Grassfed beef requires grass, we are grass farmers first. For grass to grow we need water and we will take it in any form; rain, dew, ice and snow. This time of year we start to think about a few things:
- What is our current soil moisture levels?
- Are we ready for snow?
In a previous post from 2014 we wrote about how important soil moisture is at this time of the year. Soil moisture now, has a big impact on the grass (and beef) we grow next year. We are going into the 2017 “water year” in good shape.
Are we ready for snow? This summer we have been “stockpiling” grass in our pastures for the approaching non-growing season. Do you see a problem in the photo below?

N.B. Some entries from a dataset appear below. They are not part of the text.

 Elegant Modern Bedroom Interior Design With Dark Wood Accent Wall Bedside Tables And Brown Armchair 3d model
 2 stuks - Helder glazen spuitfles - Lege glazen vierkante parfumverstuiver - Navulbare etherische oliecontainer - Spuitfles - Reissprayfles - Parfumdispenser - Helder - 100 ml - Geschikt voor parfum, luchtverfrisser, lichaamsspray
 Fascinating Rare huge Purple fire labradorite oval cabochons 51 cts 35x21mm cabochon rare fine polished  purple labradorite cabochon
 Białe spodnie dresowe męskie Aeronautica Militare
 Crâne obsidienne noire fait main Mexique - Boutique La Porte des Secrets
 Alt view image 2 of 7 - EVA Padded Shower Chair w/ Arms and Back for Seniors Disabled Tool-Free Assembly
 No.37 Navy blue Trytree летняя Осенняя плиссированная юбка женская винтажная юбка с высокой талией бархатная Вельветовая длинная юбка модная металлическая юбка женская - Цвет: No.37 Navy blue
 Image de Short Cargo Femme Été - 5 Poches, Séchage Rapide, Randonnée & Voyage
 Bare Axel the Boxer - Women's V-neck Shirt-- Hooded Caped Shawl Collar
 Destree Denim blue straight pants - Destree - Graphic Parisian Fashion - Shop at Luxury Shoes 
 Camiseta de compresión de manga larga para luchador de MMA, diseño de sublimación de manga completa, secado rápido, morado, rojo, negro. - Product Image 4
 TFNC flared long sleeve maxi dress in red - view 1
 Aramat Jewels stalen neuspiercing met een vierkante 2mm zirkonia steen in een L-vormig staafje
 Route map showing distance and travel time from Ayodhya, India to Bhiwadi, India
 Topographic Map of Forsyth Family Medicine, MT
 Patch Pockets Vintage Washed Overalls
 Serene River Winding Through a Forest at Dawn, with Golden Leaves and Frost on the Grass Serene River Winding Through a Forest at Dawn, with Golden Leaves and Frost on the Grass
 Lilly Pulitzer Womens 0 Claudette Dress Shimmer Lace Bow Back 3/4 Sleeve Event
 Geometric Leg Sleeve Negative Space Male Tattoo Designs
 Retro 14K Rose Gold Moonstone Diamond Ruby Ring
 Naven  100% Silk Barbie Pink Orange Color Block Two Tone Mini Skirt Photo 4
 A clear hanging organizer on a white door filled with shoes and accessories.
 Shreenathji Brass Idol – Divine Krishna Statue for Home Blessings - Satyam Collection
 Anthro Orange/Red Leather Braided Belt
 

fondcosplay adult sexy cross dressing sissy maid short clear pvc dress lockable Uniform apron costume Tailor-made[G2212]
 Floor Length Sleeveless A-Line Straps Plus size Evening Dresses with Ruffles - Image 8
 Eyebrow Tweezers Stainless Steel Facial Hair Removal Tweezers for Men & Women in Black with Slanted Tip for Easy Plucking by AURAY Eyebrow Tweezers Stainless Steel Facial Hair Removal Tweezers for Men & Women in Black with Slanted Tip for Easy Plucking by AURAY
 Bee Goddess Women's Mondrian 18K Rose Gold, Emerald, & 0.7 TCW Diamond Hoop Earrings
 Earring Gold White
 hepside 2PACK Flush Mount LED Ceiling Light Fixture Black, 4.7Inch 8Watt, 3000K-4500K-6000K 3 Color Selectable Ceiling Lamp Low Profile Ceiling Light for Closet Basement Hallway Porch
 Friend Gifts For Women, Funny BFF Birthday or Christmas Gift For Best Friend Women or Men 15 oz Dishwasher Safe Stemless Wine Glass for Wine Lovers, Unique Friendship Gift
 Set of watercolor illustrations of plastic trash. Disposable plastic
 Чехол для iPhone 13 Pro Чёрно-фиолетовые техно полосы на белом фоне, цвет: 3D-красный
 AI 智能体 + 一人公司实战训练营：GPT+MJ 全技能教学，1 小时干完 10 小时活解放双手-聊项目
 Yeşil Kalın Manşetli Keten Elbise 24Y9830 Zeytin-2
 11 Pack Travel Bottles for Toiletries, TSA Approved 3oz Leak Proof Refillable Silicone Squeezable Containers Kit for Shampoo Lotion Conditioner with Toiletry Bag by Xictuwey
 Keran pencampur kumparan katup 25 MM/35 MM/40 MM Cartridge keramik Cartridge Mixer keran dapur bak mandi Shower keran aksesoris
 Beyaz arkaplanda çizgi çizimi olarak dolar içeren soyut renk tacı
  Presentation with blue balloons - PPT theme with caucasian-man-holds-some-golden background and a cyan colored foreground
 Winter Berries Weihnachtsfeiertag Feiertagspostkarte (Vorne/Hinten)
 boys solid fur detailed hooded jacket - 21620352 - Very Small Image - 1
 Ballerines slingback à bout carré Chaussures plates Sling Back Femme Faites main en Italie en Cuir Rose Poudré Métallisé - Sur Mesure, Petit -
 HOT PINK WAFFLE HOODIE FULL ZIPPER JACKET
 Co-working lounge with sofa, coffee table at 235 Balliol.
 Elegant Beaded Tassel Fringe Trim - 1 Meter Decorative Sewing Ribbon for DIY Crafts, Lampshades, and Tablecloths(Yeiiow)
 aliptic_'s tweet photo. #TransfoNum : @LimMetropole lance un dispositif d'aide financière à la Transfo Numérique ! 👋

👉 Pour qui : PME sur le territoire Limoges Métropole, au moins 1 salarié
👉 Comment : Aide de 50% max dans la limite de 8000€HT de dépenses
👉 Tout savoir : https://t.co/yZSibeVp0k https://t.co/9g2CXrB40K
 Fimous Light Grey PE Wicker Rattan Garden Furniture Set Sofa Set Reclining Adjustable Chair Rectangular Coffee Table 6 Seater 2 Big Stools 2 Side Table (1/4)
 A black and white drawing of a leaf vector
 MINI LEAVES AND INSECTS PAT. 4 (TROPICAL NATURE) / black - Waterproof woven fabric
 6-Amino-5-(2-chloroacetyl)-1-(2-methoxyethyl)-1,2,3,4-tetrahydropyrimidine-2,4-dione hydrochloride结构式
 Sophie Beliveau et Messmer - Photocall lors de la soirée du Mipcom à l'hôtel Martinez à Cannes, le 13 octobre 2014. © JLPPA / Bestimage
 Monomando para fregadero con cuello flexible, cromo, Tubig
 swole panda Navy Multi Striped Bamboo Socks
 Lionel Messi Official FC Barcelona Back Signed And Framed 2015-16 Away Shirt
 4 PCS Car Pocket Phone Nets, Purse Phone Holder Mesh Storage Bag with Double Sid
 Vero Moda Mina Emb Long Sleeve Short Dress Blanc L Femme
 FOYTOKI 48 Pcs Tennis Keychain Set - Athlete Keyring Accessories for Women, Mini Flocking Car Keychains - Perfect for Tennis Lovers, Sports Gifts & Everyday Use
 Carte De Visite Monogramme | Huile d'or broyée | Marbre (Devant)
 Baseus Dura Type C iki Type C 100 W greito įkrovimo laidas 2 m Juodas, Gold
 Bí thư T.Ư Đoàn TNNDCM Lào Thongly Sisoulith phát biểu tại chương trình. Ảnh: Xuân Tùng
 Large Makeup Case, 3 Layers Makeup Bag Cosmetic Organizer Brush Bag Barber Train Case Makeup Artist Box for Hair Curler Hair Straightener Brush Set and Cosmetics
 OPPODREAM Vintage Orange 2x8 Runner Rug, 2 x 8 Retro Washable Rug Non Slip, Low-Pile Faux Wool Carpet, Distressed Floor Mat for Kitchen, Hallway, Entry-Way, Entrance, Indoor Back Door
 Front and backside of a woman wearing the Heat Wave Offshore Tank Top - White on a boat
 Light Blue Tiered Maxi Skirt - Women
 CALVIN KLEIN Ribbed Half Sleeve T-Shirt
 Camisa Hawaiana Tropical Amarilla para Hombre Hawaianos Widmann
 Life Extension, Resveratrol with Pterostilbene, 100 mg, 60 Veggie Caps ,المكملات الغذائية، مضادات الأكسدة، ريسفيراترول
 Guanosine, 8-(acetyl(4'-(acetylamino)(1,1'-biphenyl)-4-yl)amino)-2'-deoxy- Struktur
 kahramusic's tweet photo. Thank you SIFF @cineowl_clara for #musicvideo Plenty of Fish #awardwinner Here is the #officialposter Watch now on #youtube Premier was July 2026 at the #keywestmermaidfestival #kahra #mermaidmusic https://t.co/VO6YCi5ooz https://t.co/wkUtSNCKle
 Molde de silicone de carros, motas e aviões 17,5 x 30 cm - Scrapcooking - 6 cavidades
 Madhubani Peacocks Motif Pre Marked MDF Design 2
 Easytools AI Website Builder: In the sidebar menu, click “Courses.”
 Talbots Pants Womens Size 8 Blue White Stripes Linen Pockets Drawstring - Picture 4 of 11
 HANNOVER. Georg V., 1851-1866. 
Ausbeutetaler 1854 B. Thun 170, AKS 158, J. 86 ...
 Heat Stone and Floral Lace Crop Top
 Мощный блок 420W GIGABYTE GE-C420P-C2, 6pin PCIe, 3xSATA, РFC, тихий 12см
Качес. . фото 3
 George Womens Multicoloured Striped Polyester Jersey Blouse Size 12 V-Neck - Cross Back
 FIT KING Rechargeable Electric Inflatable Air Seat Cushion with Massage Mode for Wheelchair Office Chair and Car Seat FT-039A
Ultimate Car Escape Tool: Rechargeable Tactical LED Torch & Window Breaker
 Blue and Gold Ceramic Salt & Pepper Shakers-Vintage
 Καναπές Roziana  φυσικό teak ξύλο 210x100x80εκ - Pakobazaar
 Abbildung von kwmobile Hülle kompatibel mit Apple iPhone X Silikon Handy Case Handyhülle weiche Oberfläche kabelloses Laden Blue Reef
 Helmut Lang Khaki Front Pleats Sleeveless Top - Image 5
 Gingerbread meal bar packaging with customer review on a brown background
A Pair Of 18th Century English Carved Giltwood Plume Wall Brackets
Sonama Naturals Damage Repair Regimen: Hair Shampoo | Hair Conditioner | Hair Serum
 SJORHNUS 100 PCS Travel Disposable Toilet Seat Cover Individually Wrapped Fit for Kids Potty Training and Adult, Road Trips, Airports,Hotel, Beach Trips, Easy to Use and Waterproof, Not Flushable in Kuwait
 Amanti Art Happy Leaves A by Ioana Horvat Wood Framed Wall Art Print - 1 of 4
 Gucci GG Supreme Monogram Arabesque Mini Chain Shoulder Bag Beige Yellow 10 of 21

Grass looks good in the photo. Pasture soils are covered to protect the stored moisture and ready to capture more moisture through the coming months. The problem? The photo shows one of our few permanent fence lines (red arrow) that is all grown up in grass. We construct daily paddocks using electrical poly wire and we count on these few permanent fence lines to supply the power. The stockpiled grass will accumulate snow and bury this fence line making it unusable.
Cows to the rescue.
The photo above shows how we are currently going around all of our permanent fence lines concentrating the herd to stomp down and eat the grass along our fence lines. The cattle love their work of preparing the fence lines that protect them year round.
Once the cows complete the job, if we do get that big snow storm, our fences will not be buried. The fence lines will continue to function, keeping cattle where we plan to move them.
What about the cows and the stockpiled grass if we get lots of snow? We do have some hay in the barn as “insurance” and to supplement as needed. In addition, take a look at our previousl post about cattle grazing snow. Our cows live in our pastures 24/7/365, snow is something they have no problem dealing with.